### TASK OBJECTIVE:
Each line from the start of the records through the line containing "Chico's Size .50 (6) White Preloved Dress" is to be transcribed exactly, and no other line is to be included.

[Scraped caption text data]
========================

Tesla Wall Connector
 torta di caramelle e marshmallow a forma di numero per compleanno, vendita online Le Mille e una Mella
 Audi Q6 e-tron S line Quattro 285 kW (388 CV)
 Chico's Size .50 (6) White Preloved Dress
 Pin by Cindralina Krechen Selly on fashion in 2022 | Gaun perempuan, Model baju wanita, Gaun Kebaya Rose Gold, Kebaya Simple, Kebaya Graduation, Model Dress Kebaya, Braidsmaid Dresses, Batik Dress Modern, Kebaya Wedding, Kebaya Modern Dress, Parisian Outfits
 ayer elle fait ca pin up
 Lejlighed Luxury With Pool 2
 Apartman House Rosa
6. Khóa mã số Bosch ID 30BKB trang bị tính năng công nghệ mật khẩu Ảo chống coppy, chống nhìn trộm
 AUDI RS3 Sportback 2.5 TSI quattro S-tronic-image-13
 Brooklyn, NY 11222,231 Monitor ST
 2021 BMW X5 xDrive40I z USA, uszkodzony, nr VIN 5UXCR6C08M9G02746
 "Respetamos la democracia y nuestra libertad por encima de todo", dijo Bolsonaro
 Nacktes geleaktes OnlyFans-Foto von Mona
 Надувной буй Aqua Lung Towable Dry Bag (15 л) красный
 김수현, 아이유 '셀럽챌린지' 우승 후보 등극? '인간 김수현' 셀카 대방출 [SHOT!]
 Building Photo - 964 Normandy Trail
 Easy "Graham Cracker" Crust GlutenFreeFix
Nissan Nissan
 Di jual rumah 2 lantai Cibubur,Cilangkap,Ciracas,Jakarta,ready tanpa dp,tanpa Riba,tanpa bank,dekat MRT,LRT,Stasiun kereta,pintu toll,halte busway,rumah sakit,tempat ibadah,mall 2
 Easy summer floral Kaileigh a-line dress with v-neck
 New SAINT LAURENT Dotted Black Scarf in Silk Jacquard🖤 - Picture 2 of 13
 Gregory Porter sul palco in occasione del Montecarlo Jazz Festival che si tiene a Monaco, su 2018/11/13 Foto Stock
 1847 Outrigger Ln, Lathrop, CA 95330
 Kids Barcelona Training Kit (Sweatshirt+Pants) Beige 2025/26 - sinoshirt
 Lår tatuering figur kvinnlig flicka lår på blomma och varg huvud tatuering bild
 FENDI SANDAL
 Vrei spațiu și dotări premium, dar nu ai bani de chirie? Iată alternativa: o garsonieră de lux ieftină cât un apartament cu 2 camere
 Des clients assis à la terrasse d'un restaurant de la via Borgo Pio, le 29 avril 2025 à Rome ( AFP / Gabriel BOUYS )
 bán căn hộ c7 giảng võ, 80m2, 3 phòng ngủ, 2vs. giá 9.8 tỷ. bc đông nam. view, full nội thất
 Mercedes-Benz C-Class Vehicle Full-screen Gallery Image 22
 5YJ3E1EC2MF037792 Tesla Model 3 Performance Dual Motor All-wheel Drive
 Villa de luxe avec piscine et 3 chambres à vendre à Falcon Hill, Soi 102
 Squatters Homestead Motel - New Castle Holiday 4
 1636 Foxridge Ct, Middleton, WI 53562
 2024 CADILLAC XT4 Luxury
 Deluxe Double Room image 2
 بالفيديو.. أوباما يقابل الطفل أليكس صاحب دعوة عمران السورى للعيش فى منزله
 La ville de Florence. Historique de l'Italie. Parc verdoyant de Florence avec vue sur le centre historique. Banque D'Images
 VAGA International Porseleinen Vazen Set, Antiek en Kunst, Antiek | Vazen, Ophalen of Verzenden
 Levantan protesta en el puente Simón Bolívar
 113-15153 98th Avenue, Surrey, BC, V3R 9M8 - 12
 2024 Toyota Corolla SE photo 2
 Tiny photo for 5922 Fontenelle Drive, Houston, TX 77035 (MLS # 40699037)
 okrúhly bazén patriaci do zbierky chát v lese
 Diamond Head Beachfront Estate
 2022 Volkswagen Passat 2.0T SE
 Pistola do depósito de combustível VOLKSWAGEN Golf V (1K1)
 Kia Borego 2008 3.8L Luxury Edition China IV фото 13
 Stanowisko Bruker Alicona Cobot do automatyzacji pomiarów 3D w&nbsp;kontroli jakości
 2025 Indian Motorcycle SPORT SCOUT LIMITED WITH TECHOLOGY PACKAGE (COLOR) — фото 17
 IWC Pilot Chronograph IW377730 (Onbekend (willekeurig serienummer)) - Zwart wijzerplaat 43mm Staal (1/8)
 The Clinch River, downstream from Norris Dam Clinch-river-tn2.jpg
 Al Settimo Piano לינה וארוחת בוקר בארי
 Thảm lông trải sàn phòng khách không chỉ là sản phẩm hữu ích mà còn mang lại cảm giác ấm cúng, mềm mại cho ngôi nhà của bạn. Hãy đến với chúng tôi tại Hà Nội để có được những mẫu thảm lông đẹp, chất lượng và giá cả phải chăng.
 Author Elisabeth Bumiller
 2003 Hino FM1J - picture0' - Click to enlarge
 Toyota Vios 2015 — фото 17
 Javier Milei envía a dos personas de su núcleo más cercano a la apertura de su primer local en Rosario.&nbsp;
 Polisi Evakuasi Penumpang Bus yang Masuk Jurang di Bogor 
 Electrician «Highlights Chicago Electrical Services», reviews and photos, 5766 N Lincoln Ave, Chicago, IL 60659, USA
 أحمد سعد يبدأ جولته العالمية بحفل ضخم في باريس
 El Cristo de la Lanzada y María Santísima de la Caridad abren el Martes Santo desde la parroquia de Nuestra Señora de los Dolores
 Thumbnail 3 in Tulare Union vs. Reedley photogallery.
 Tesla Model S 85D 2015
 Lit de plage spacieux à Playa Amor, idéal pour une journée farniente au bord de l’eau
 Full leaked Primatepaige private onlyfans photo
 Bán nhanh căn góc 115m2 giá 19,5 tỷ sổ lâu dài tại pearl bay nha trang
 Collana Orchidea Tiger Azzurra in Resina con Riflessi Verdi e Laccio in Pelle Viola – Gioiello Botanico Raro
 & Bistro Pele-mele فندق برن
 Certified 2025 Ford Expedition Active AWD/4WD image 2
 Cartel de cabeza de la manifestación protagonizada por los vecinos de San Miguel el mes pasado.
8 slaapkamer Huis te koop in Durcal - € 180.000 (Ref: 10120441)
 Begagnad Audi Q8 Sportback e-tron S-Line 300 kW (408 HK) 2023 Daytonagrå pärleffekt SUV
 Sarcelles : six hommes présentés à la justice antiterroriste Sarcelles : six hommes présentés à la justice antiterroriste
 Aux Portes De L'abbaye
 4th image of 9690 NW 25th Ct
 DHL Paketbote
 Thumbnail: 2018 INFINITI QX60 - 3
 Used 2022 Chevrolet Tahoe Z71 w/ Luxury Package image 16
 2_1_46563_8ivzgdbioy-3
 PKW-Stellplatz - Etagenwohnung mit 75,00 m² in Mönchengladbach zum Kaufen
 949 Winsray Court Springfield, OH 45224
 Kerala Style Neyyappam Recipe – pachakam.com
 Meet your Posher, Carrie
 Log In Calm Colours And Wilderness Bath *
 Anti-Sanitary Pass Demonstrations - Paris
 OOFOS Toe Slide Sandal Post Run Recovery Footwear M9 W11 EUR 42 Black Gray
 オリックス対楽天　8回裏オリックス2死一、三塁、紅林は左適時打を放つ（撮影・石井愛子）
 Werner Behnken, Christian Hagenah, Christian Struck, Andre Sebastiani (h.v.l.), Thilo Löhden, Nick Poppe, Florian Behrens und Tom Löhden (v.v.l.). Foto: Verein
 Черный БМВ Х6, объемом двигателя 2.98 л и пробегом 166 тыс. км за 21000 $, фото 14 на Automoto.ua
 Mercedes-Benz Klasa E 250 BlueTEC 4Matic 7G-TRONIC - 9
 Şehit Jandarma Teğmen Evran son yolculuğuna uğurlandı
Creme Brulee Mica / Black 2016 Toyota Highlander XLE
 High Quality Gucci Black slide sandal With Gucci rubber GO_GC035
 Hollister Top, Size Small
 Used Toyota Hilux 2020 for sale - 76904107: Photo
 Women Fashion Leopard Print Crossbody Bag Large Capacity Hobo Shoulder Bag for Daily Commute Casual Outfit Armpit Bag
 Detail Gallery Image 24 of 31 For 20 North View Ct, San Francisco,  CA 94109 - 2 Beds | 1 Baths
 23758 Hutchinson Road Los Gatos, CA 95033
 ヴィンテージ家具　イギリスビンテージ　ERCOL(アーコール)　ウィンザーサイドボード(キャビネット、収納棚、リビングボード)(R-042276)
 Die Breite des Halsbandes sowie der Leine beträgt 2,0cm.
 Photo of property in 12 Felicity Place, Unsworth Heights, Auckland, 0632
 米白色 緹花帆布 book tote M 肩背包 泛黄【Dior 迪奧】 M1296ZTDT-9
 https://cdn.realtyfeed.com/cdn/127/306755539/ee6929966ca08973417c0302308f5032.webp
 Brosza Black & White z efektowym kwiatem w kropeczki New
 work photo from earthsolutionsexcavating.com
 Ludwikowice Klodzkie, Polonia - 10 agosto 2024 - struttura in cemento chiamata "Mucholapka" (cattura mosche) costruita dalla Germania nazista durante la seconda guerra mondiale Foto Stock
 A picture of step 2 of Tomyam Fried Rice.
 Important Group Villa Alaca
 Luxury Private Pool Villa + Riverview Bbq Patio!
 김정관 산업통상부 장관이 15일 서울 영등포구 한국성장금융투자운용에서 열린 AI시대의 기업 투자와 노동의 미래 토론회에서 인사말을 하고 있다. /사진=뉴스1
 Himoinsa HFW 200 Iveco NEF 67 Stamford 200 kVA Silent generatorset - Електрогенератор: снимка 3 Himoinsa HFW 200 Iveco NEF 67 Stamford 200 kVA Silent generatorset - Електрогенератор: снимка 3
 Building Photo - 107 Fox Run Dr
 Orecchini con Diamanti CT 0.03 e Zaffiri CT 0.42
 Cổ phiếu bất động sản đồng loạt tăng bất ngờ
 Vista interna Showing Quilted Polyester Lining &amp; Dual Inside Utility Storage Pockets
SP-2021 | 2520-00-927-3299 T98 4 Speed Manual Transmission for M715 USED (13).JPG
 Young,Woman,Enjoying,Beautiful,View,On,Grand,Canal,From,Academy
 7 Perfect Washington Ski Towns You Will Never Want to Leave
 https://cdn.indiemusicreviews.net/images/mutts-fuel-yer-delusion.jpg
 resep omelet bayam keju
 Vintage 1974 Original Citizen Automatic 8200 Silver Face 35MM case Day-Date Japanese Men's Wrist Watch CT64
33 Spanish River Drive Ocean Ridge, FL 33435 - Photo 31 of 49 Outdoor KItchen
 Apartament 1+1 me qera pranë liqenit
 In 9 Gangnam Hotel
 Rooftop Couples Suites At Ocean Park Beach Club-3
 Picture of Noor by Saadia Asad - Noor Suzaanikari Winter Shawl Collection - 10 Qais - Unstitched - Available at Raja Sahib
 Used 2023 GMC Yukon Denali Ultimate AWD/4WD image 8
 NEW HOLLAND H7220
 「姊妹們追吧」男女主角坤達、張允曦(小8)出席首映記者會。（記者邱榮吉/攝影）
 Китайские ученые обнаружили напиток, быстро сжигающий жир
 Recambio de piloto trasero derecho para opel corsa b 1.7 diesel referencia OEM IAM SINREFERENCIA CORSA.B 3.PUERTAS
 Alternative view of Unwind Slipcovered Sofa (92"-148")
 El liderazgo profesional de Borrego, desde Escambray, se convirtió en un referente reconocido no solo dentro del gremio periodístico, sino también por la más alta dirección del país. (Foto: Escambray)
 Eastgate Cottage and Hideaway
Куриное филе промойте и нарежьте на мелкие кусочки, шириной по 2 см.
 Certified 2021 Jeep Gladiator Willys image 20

========================

### OUTPUT OF THE EXERCISE:
Tesla Wall Connector
 torta di caramelle e marshmallow a forma di numero per compleanno, vendita online Le Mille e una Mella
 Audi Q6 e-tron S line Quattro 285 kW (388 CV)
 Chico's Size .50 (6) White Preloved Dress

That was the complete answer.